A copy of the Arrangement Agreement will be filed by Amarillo on SEDAR and will be reviewable under Amarillo’s profile at www.sedar.com.

STRATEGIC RATIONALE

The Arrangement is a culmination of Amarillo’s exploration and development successes in Brazil. Amarillo’s management views the Arrangement as an opportunity for its shareholders to realize value for a large portion of Amarillo’s assets, at an attractive premium to the recent market performance of its shares and other metrics, while continuing to participate directly in the upside of Lavras SpinCo’s planned exploration at the Lavras Project in Brazil. Lavras SpinCo is expected to be well-capitalized at inception with significant cash, no debt, and led by Amarillo’s current management team.

LAVRAS SPINCO

As part of the Arrangement, Lavras SpinCo will be capitalized with C$10 million in cash and Amarillo’s current interests in the Lavras Project. Lavras SpinCo’s vision is to be a leading independent exploration and production company in Brazil, maximizing shareholder value by bringing its disciplined exploration approach to the Lavras Project and other potential opportunities.

ADVISORS AND COUNSEL

Research Capital Corporation acted as advisor to the Special Committee and Amarillo engaged Osler, Hoskin & Harcourt LLP and Irwin Lowy LLP as its legal counsel in connection with the Transaction. Hochschild has engaged RBC Capital Markets as its financial advisor, sole sponsor and corporate broker, Stikeman Elliott LLP as its Canadian legal counsel, Pinheiro Neto Advogados as its Brazilian legal counsel, and Linklaters LLP as its UK legal counsel in connection with the Transaction.

WEBCAST

A webcast will be held at 10:00 a.m. Toronto time on November 30, 2021 for investors and analysts.

Register at: https://my.6ix.com/paColcfT

ABOUT AMARILLO

Amarillo is advancing two gold projects located near excellent infrastructure in mining-friendly states in Brazil. The development stage Posse Gold Project is on the Company’s Mara Rosa Property in Goiás State. It has a positive definitive feasibility study that shows it can be built into a profitable operation with low costs and a strong financial return. Mara Rosa also shows the potential for discovering additional near-surface deposits that will extend Posse’s mine life beyond its initial 10 years. The exploration stage Lavras do Sul Project in Rio Grande do Sul State has more than 23 prospects centered on historic gold workings.

Amarillo trades on the TSXV under the symbol AGC and the OTCQB under the symbol AGCBF. Visit www.amarillogold.com to learn more, and follow Amarillo on LinkedIn, Twitter, and YouTube.

CONTACT INFORMATION  
Mike Mutchler Annemarie Brissenden
President & CEO Investor Relations
416-294-0736 416-844-6284
[email protected] [email protected]

DISCLAIMER

Neither the TSX Venture Exchange nor its Regulation Services Provider (as defined in the policies of the TSX Venture Exchange) accepts responsibility for the adequacy or accuracy of the content of this news release.

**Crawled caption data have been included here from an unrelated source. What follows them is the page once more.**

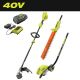 RYOBI 40V 15 in. Expand-It Cordless Capable String Trimmer, Edger, and Hedge Trimmer Attachments with 4.0 Ah Battery & Charger RY40ST01K-RYEDG-RYHDG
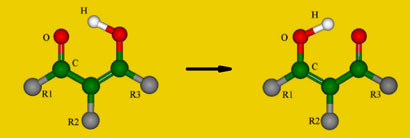 Qubit simulation of malonaldehyde isomerisation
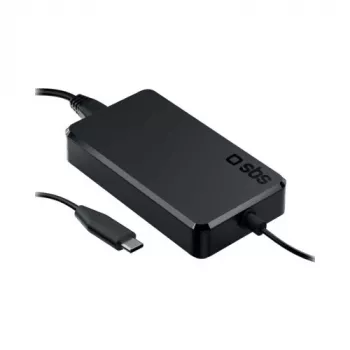 SBS universalus USB-C nešiojamojo kompiuterio maitinimo adapteris 100W 3m juodas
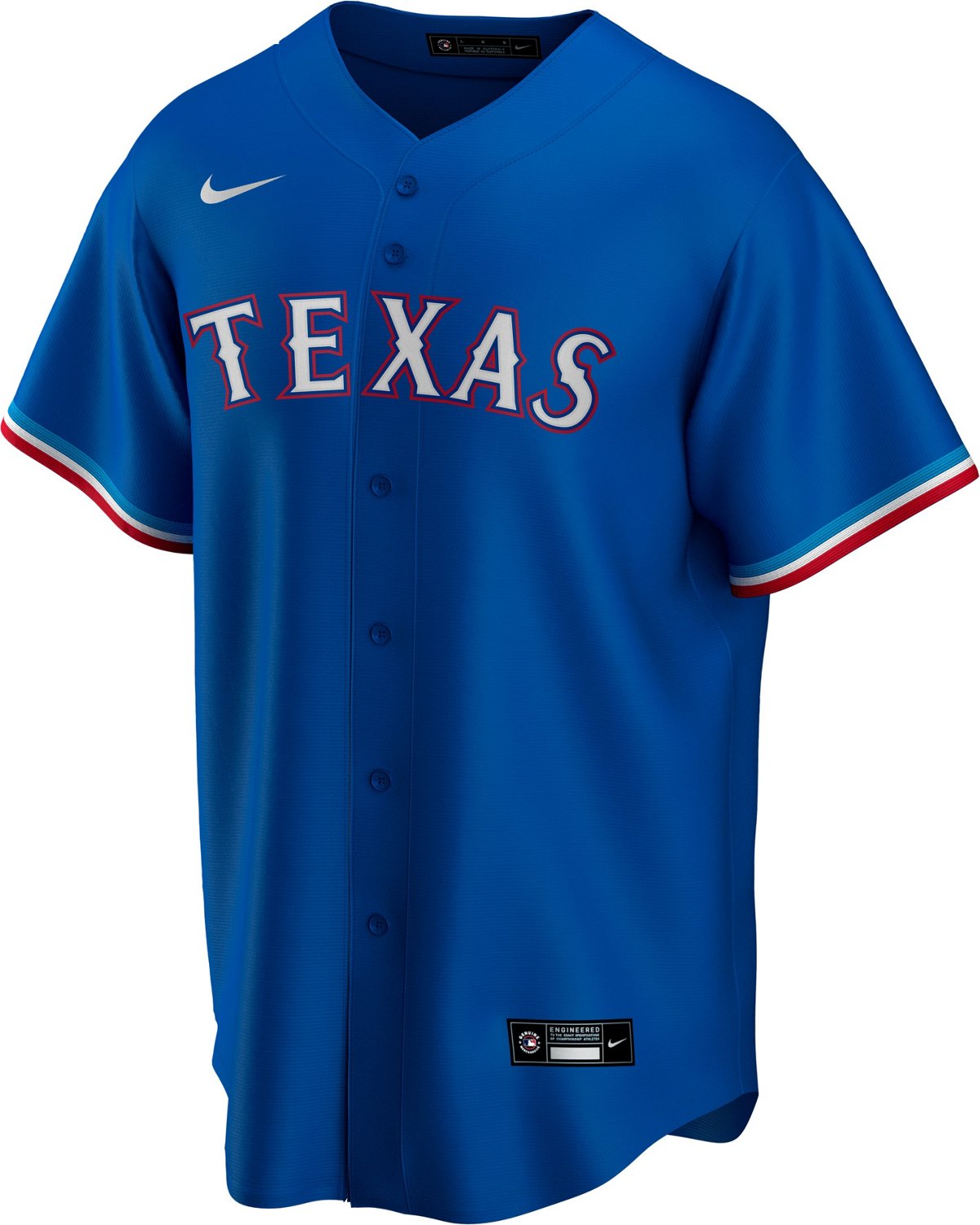 Nike Men's Texas Rangers Official Replica Jersey                                                                                 - view number 1 selected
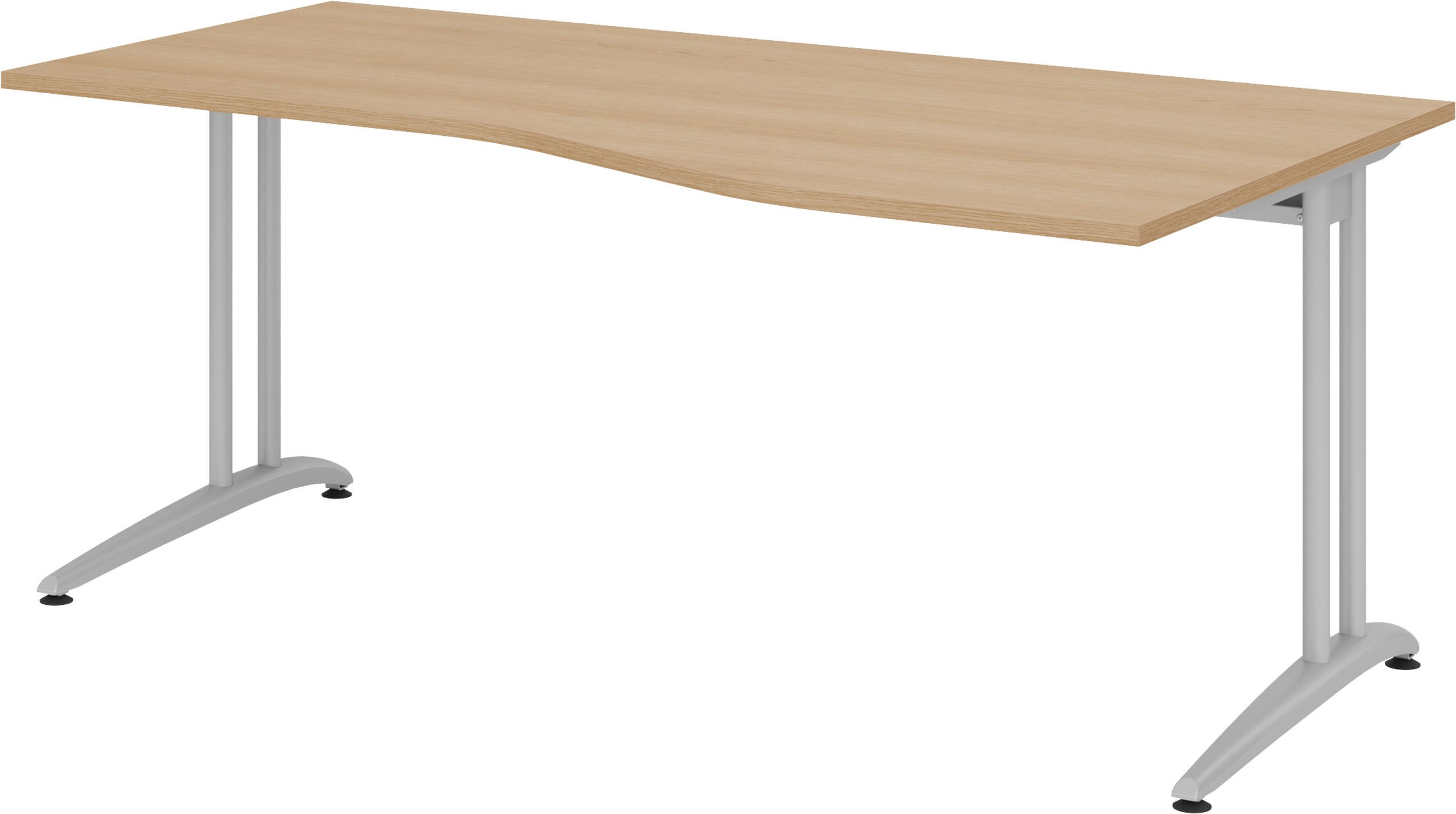 SCHREIBTISCH Serie-B 100/180/72 cm in Eichefarben - Eichefarben, Holzwerkstoff (100/180/72cm) - bümö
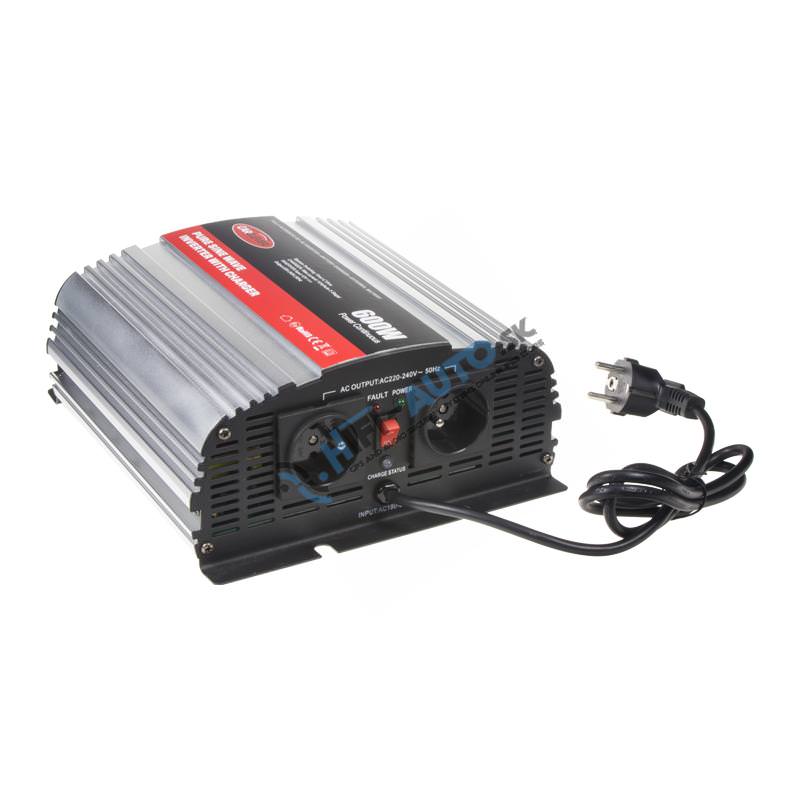 Autonabíjačka 12V/10A + menič sínus 600W 12/230V, UPS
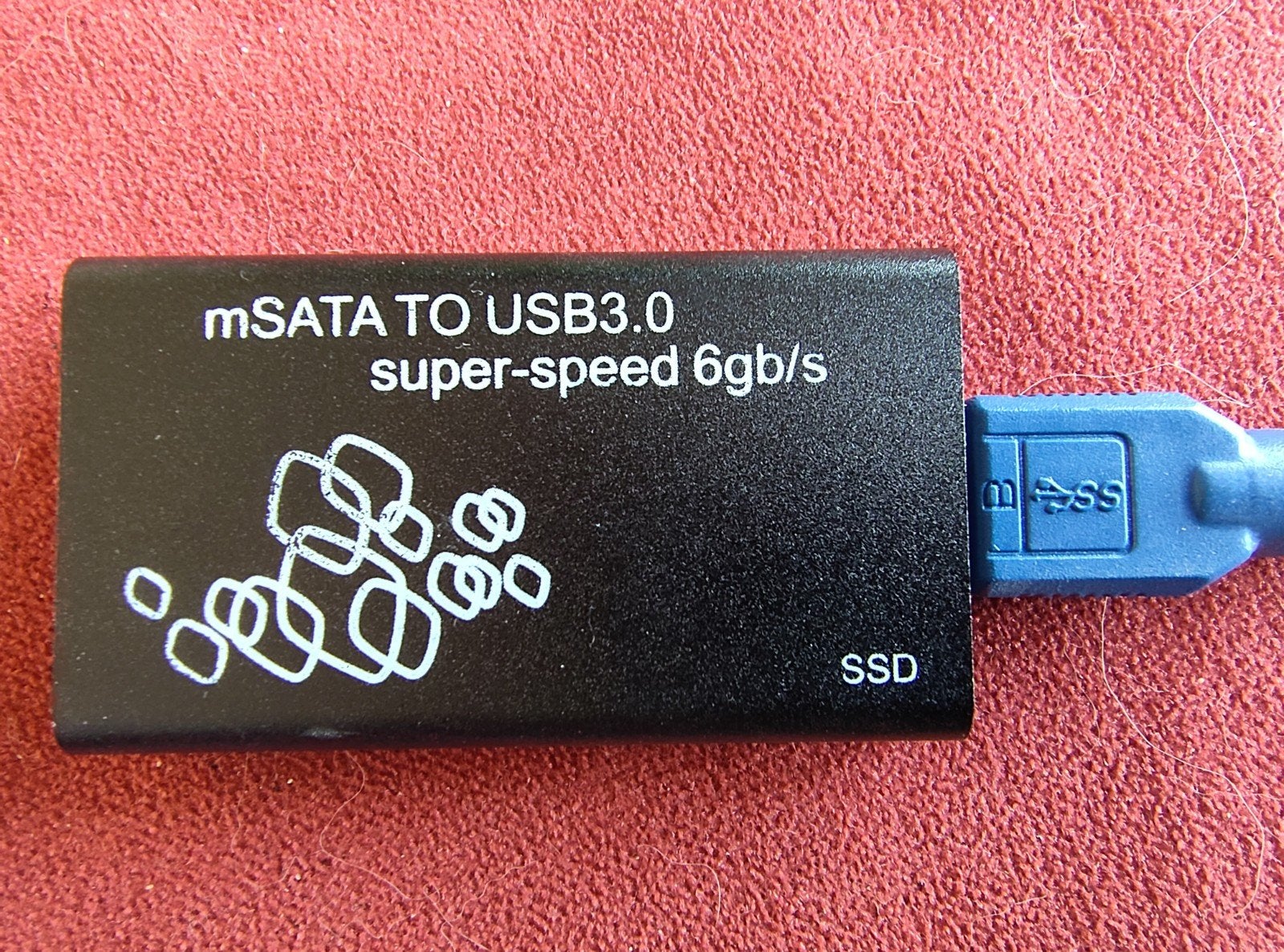 mSATA naar USB 3.0 Super-Speed 6Gb/s SSD Behuizing/Adapter, Onbekend, SSD, Ophalen of Verzenden, Zo goed als nieuw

FORWARD-LOOKING STATEMENTS AND CAUTIONARY LANGUAGE

Certain information provided in this news release constitutes forward‐ looking statements. Specifically, this press release contains forward‐looking statements relating to: (i) the anticipated timing of the Amarillo shareholder meeting to approve the Arrangement, (ii) the anticipated timing of the closing of the Arrangement, the exploration and development prospects of Lavras SpinCo, and (iv) planned exploration and development activities of Lavras SpinCo.

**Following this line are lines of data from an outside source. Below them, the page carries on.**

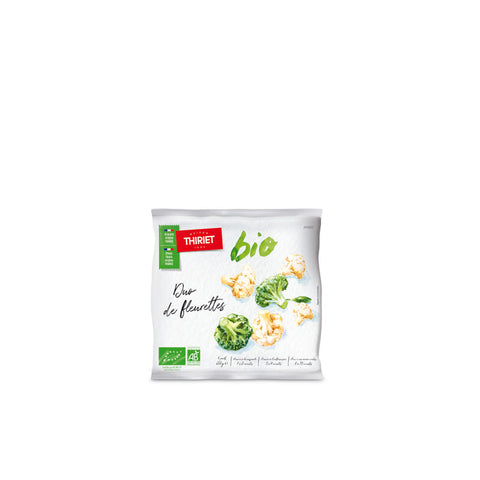 ORGANIC DUO BROCCOLI-CAULIFLOWER FLORETS 600G 4 PORTIONS (#113082)
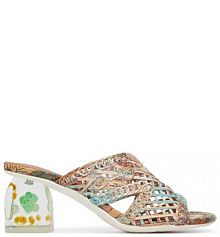 Klapki Laura Vita kolorowe damskie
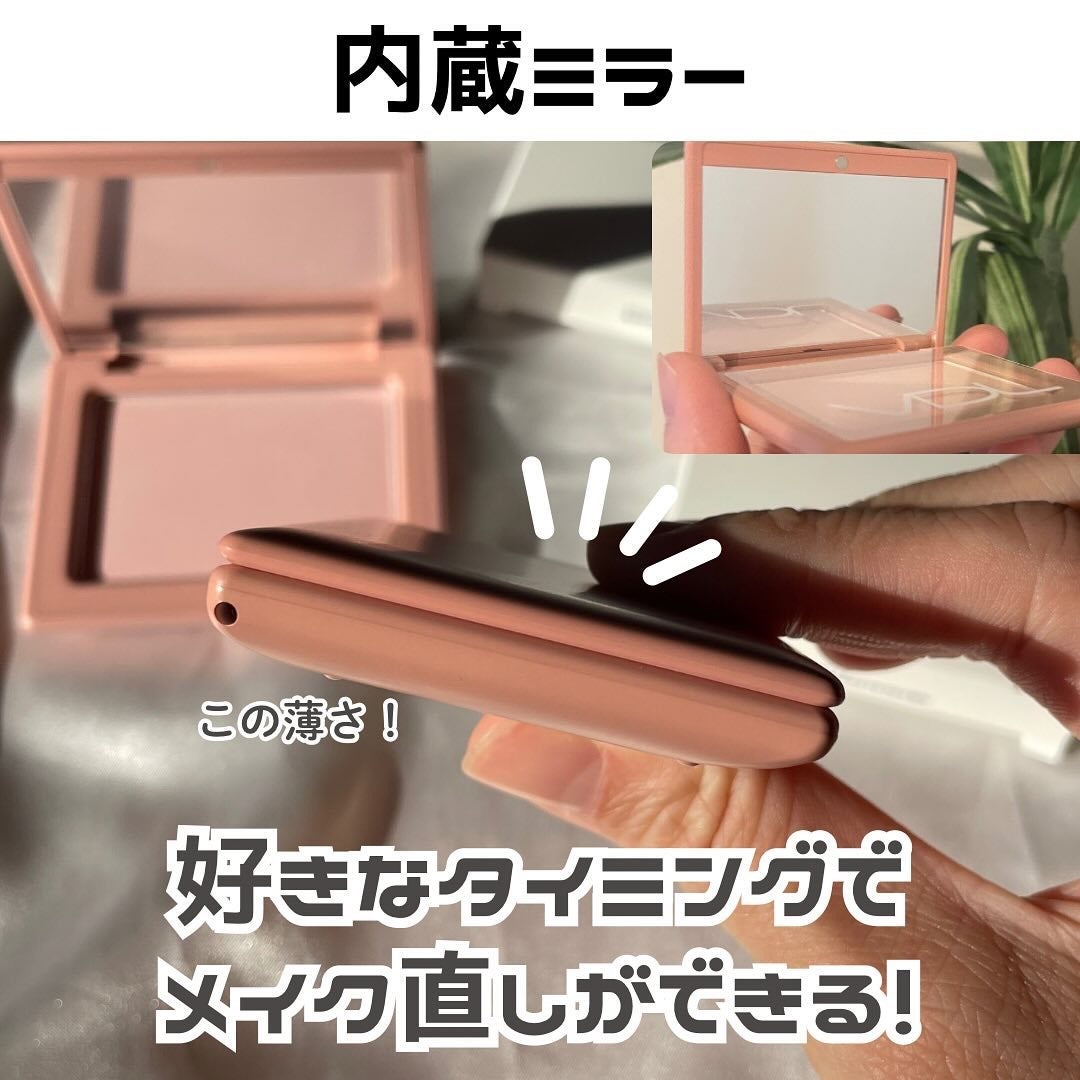 チークステイン ブラッシャー/VDL/パウダーチークを使ったクチコミ(4枚目)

The forward‐looking statements are based on certain key expectations and assumptions. With respect to the anticipated timing of the Amarillo shareholder meeting, these include expectations and assumptions concerning the time required to convene the meeting and complete and mail the related information circular. With respect to the anticipated timing of the closing of the Arrangement, these include expectations and assumptions with respect to the timely receipt of all required court, shareholder and regulatory approvals and the satisfaction of all other conditions to the closing of the Arrangement. With respect to the remaining forward-looking statements, these include expectations and assumptions concerning the availability of capital, the success of future drilling and development activities, Lavras SpinCo’s contractual rights, prevailing commodity prices and economic conditions, the availability of labour and services, the ability to transport and market production, timing of completion of infrastructure and transportation projects, weather and access to drilling locations.

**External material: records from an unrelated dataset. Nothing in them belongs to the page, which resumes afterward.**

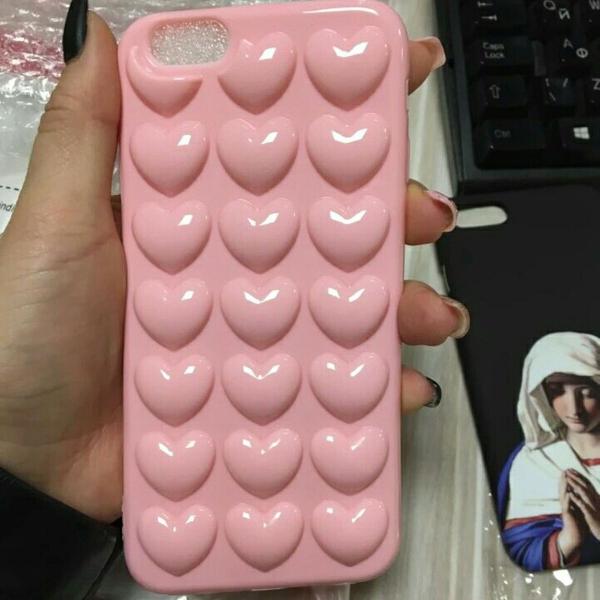 capinha iphone 6s corações &lt;33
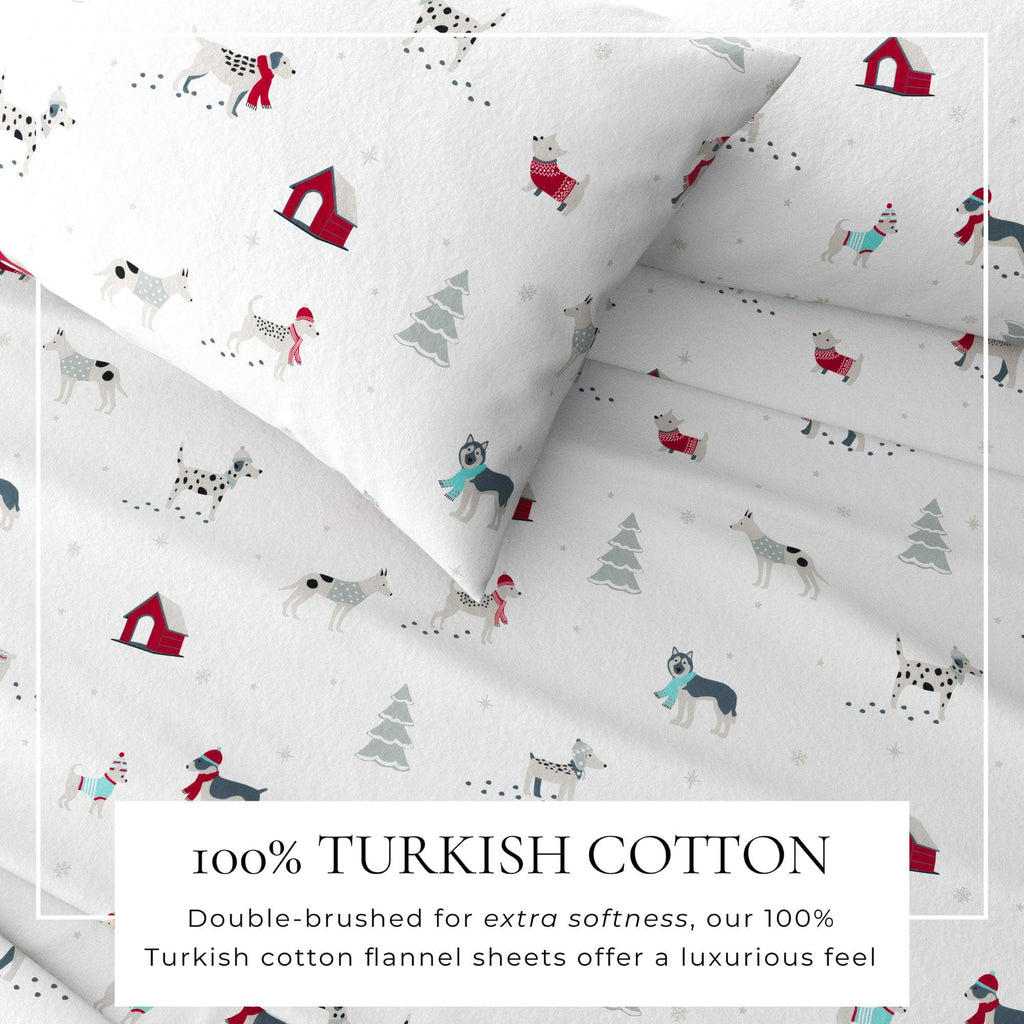 4-Piece Turkish Cotton Flannel Sheet - Fall & Christmas Sheets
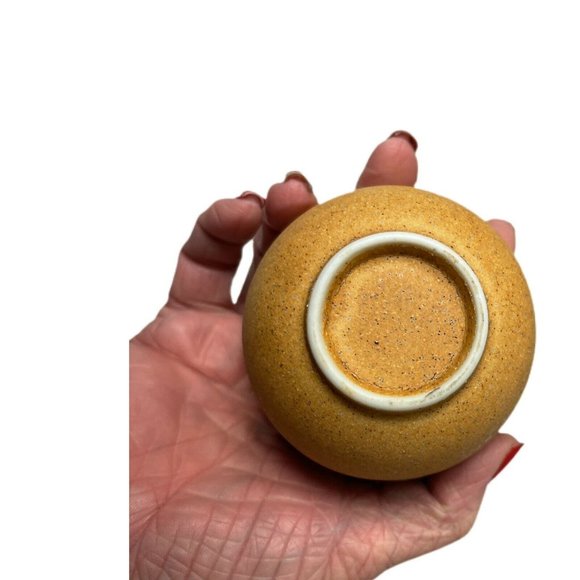 3 pc Ceramic Tea Pot Kettle W/ @ cups Brown with Green Glaze - Picture 3 of 6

Although Amarillo believes that the expectations and assumptions on which the forward-looking statements are based are reasonable at the time of preparation, undue reliance should not be placed on the forward-looking statements as Amarillo can give no assurance that they will prove to be correct. Since forward-looking statements address future events and conditions, by their very nature they involve inherent risks and uncertainties. Actual results could differ materially from those currently anticipated due to a number of factors and risks. With respect to the timing of the completion of the Arrangement, these include risks that the required court, shareholder and regulatory approvals are not obtained on a timely basis, on terms acceptable to the parties or at all and risks that other conditions to the completion of the Arrangement are not satisfied. There is no guarantee that the Arrangement will close at the anticipated time or at all. With respect to the exploration and development prospects of Lavras SpinCo, the planned exploration and development activities of Lavras SpinCo and such factors and risks include, but are not limited to: general economic, market and business conditions; fluctuations in commodity prices; the test results and performance of exploration and development drilling, fluctuation in foreign currency exchange rates; the uncertainty of historic resource estimates and estimates of the value of undeveloped land; changes in environmental and other regulations; risks associated with mineral operations; and other factors, many of which are beyond the control of Amarillo. These and other risks are described further in Amarillo’s most recently filed management discussion and analysis and its annual information form for the year ended December 31, 2019, which have been filed on SEDAR and may be reviewed under Amarillo’s profile at www.sedar.com.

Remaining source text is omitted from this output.